■ Exercise ■
Find the line containing "Cyclone Narelle dissipates", then return it and every line after it through the end of the records, exactly. Leave out pictures.

(Crawled caption data)
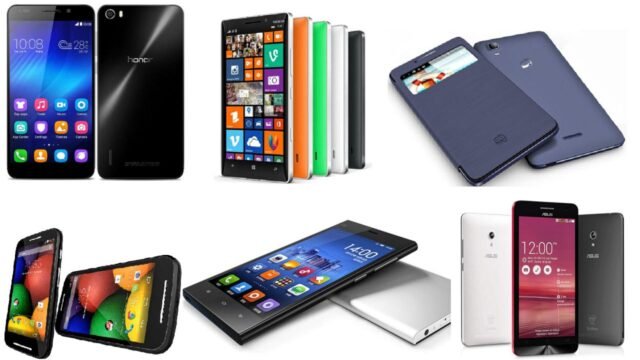 Top smartphones under Rs. 6000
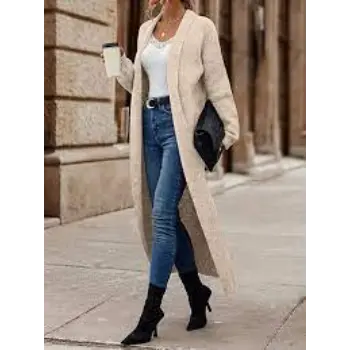 Fancy Long Cardigan
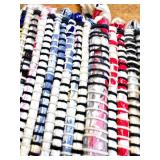 Collection of 9 Purse/Bag Collection Featuring Brighton, Vera Bradley, The Sak, Tignanello, & Talbots Brands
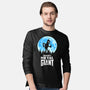 Shiny Metal Giant-Mens-Long Sleeved-Tee-Vitaliy Klimenko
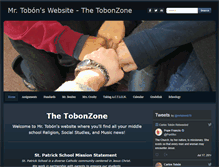 Tablet Screenshot of mrtobon.weebly.com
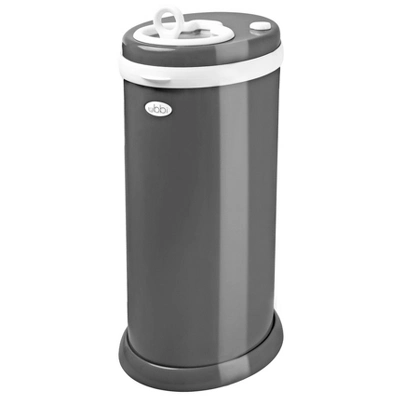 Ubbi® Ubbi Steel Diaper Pail 8 Ubbi® Ubbi Steel Diaper Pail - Image 8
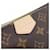 Louis Vuitton Monogram Multi Pochette Accessoires Marrone Cachi - vista 4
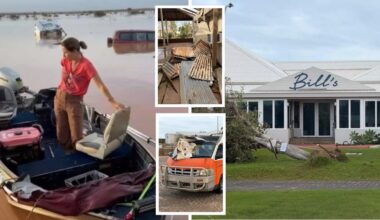 Cyclone Narelle dissipates but worst yet to come with tourism operators facing aftermath before peak season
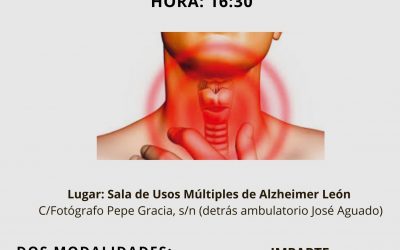 Qué es y cómo abordar la disfagia en la conferencia neuroaula de marzo 2023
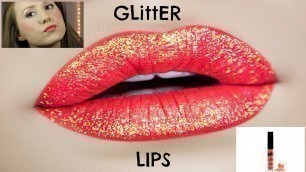 'Tati Made Me Buy It | GLITTER LIPS Tattoo Junkee Swatches'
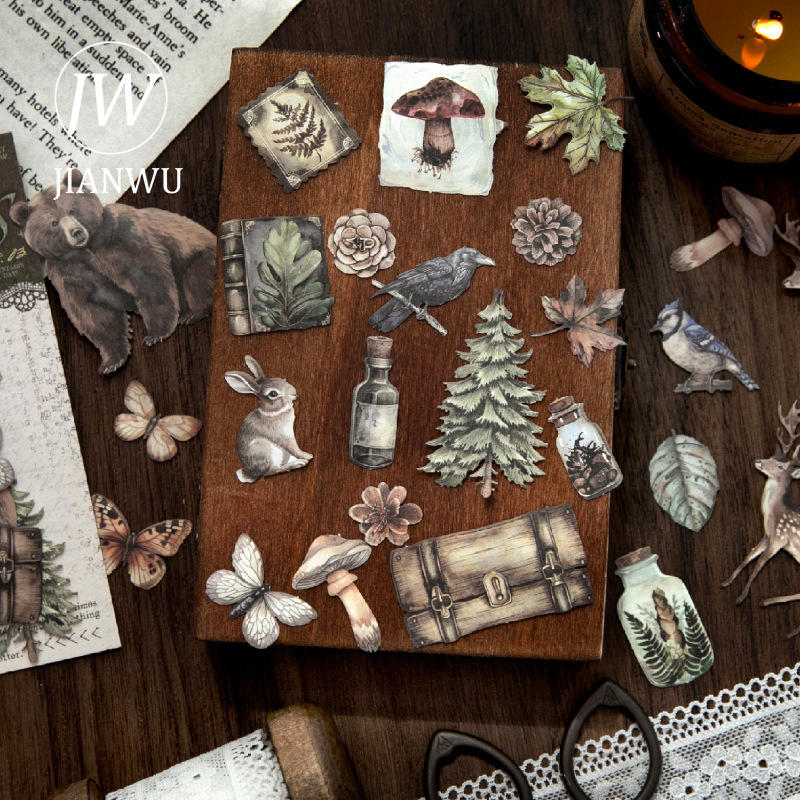 JIANWU Collect Small Things Se - Small Vintage Collectible Items incelemesi ve fiyatı
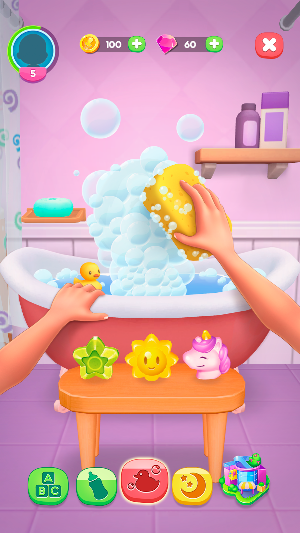 Mini Me: Mom Simulator Family Screenshot 1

■ Task answer ■
 Cyclone Narelle dissipates but worst yet to come with tourism operators facing aftermath before peak season
 Qué es y cómo abordar la disfagia en la conferencia neuroaula de marzo 2023
 'Tati Made Me Buy It | GLITTER LIPS Tattoo Junkee Swatches'
 JIANWU Collect Small Things Se - Small Vintage Collectible Items incelemesi ve fiyatı
 Mini Me: Mom Simulator Family Screenshot 1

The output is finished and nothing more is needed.